> Task requirements:
All lines below must be repeated exactly, with the pictures omitted.

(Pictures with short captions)

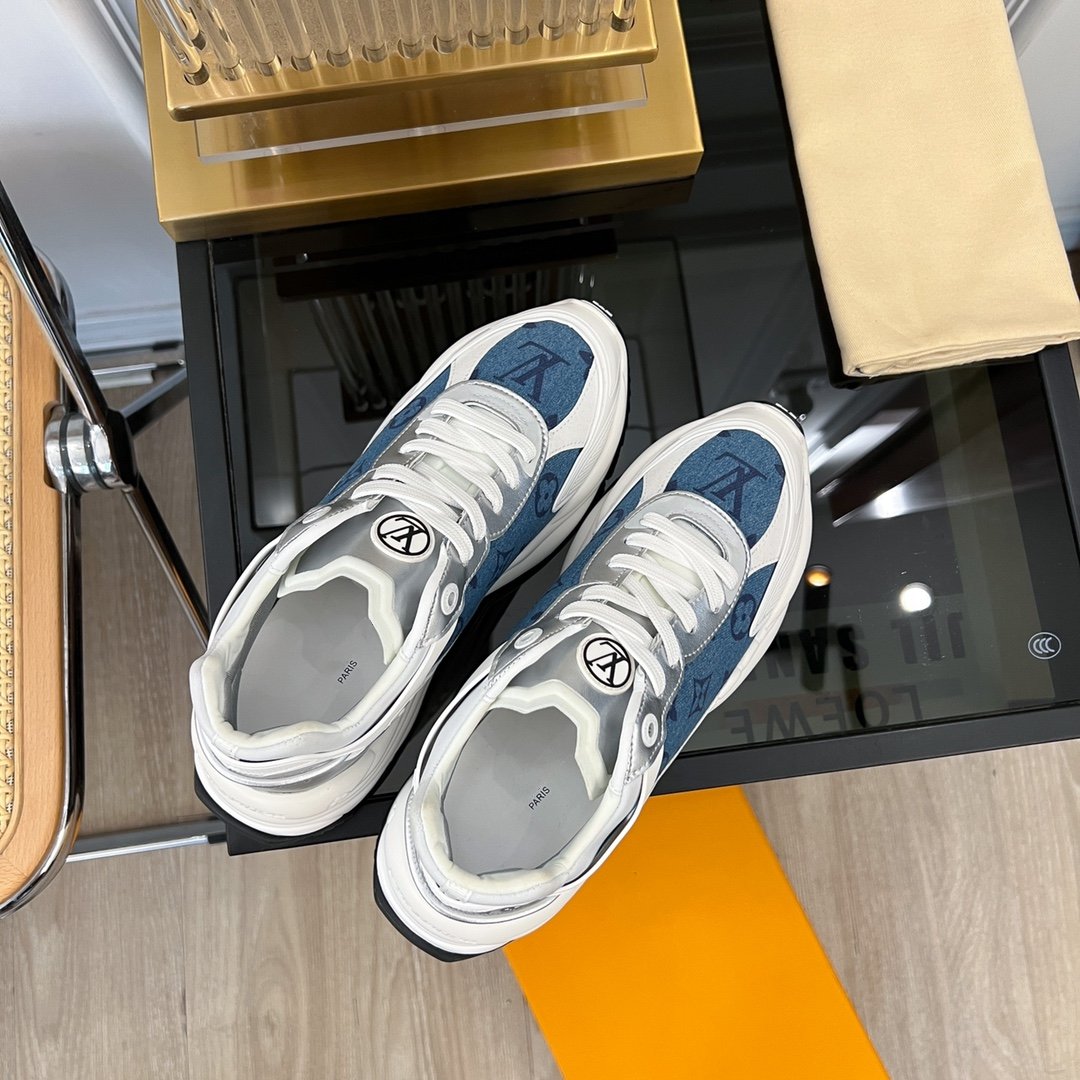 LV RUN 55 SNEAKER BLUE GRAY、mysite、Cacoeks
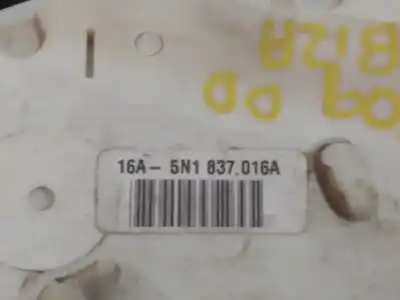 Автозапчастина б/у замок передній праві двері для seat ibiza sc (6j1) reference посилання на oem iam 5n1837016a e1-b6-40-2 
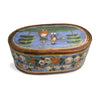 Large Scandinavian Decorated Oval Band Box, 19th Century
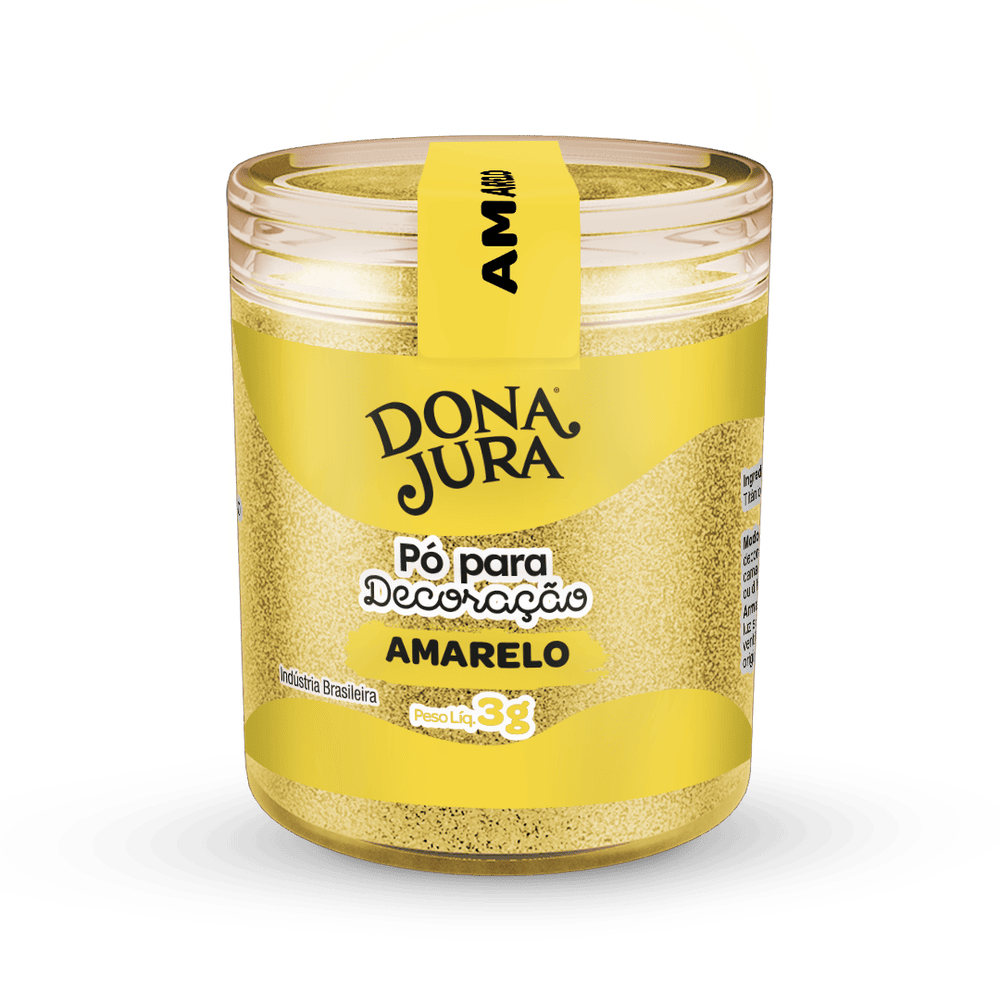 Pó para Decoração Amarelo 3g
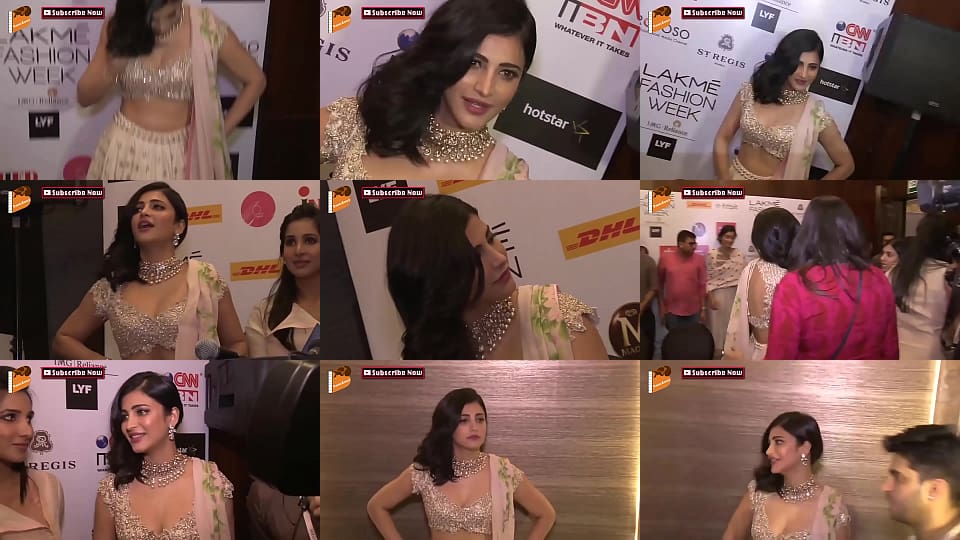 Shruti Hassan HOT B  b Show at Lakme Fashion Week 2016 HD 2 min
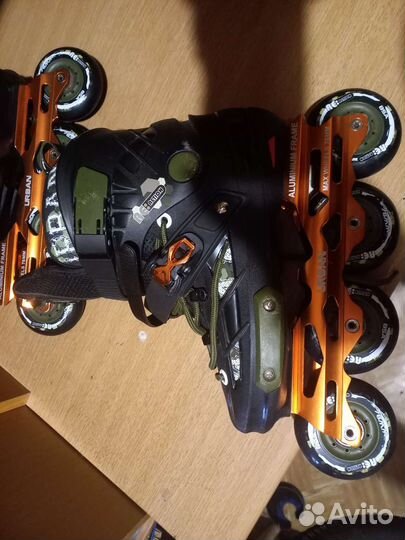 Роликовые коньки размер 37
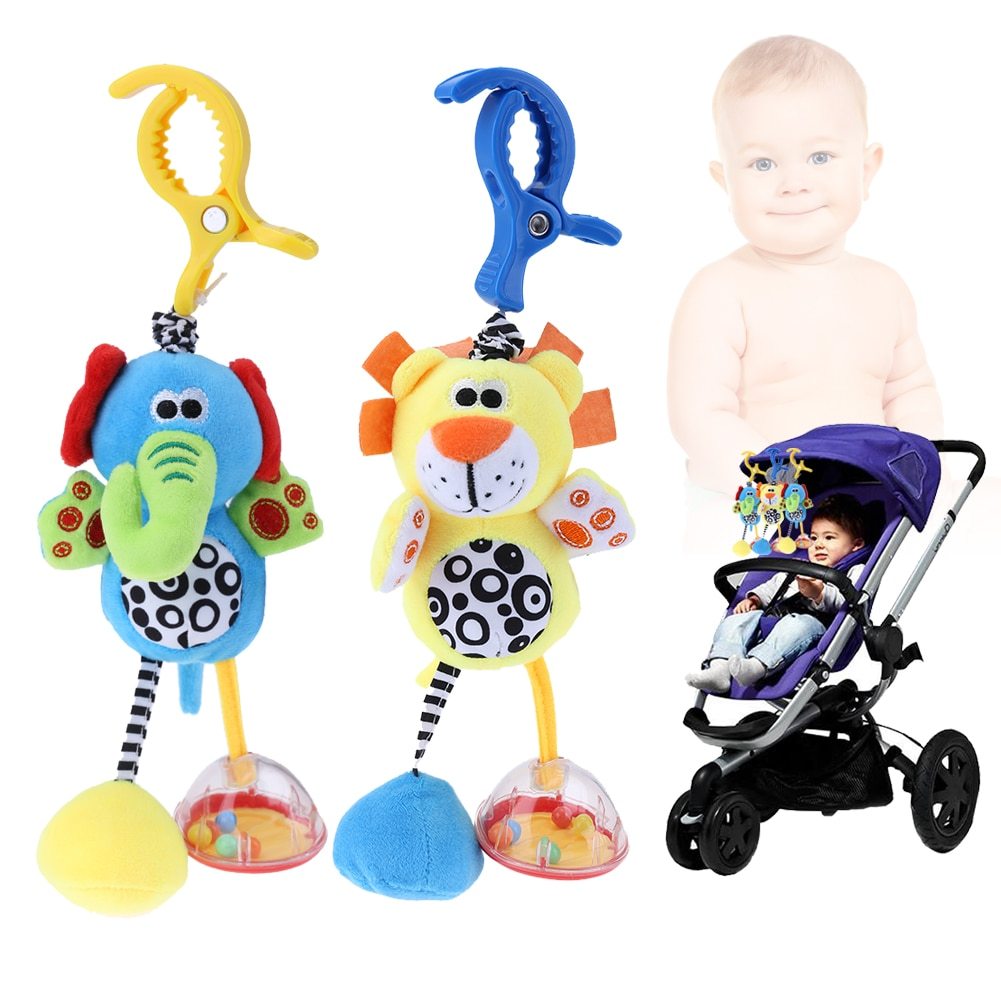 Stroller Pram Crib Hanging Soft Plush Toys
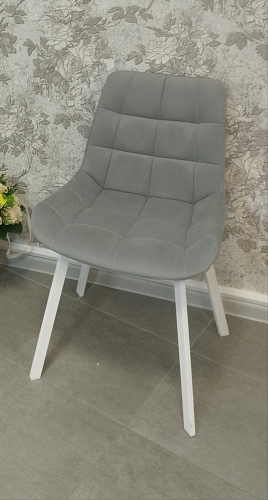 Стул на металлокаркасе Челси бежевый / белый каркас фото покупателя 90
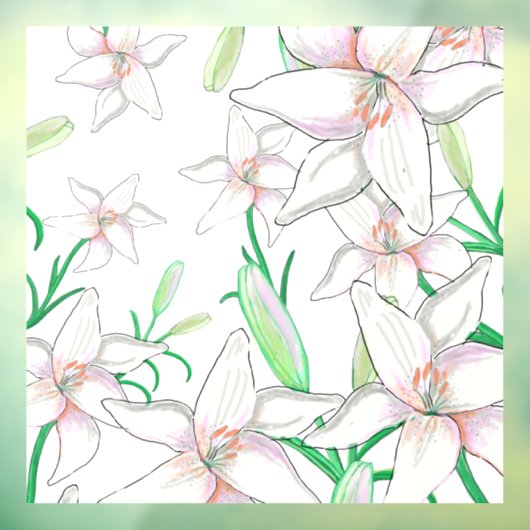 Illustration Fensteraufkleber (Blatt 3)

> Answer for this exercise:
 LV RUN 55 SNEAKER BLUE GRAY、mysite、Cacoeks
 Автозапчастина б/у замок передній праві двері для seat ibiza sc (6j1) reference посилання на oem iam 5n1837016a e1-b6-40-2 
 Large Scandinavian Decorated Oval Band Box, 19th Century
 Pó para Decoração Amarelo 3g
 Shruti Hassan HOT B  b Show at Lakme Fashion Week 2016 HD 2 min
 Роликовые коньки размер 37
 Stroller Pram Crib Hanging Soft Plush Toys
 Стул на металлокаркасе Челси бежевый / белый каркас фото покупателя 90
 Illustration Fensteraufkleber (Blatt 3)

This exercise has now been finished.